Elasticsearch Ingest pipeline enrich processor

stdhsw 2023. 10. 18. 03:27

2023. 10. 18. 03:27

시작하기 앞서 Ingest Pipeline이란

Elasticsearch에서 Ingest Pipeline은 데이터를 색인하기 전에 전처리 및 변환 작업을 수행하는 개념입니다. Ingest Pipeline은 데이터를 가져와서 필요한 형식으로 변환하거나 데이터를 필터링하고 파싱 하는 등의 작업 및 데이터의 일관성을 유지하는데 매우 유용하여 효율적인 데이터 처리를 가능하게 하는 중요한 기능입니다.

그림에 보이는 것과 같이 데이터가 들어오면 Ingest pipeline을 통하여 순차적으로 프로세서가 실행되고 결과물은 해당 인덱스에 저장됩니다. Ingest Pipeline이 동작할 수 있도록 해당 노드에는 ingest role이 등록되어야 하지만 일반적으로 데이터 노드에 많이 사용합니다. 허나 프로세서가 많아 부하를 많이 받을 경우 노드를 별도로 분리하는 방법을 고려해 볼 필요성이 있습니다.

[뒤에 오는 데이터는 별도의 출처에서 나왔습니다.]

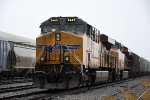 Grain train sits parked in the yard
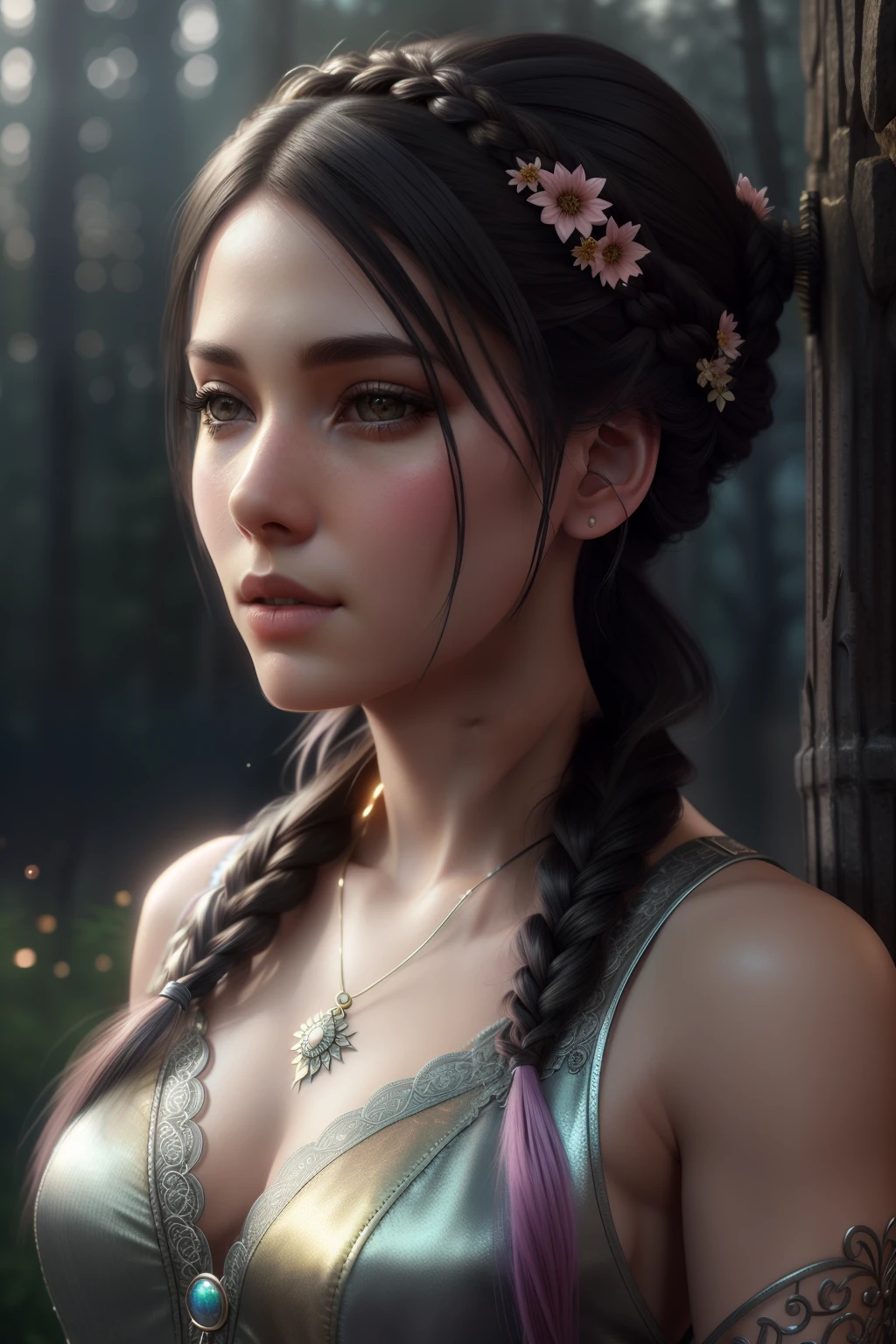 (super detailed), high resolution 8k wallpaper, best quality, full body, a beautiful young canadian woman, black hair, two braids, (highly detailed hair: 1.4), smoke, fog, (dark forest: 1.1 ), bokeh, faded, neutral colors, (hdr: 1.5), ((pastel colors)), colorful dresses, floral decorations, skirts, fantasy style, intricate scene, artstation, super detailed, dramatic lighting, Intricate Detail, [Vignette], Intricate Background, ( (((Movie Look)))), Soothing Tones, Intricate Detail, Ultra Detail, Stone Gray Mood, (Wide Angle), Realistic, Sharp focus, beautiful lips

이번 문서에서는 여러 유용한 파이프라인 프로세서 중 Enrichment에 대해서 실습해봤습니다.

Enrich Processor

RDB에서 간단한 기능인 JOIN이라는 기능을 Elasticsearch에서 역색인 구조를 가지고 있는 Elasticsearch에서는 구현하는데는 아주 많은 리소스와 페널티가 있습니다. 그렇기 때문에 JOIN을 수행하는 행위는 Elasticsearch에서 권장하지 않고 있습니다.

Elasticsearch의 Enrich Processor는 Ingest pipeline의 기능중 하나로 외부 데이터 소스를 활용하여 기존 인덱스 데이터를 이용하여 추가 정보를 추출하거나 결합할 수 있는 기능을 제공하여 RDB에 JOIN과 비슷한 기능을 가능하게 되었습니다.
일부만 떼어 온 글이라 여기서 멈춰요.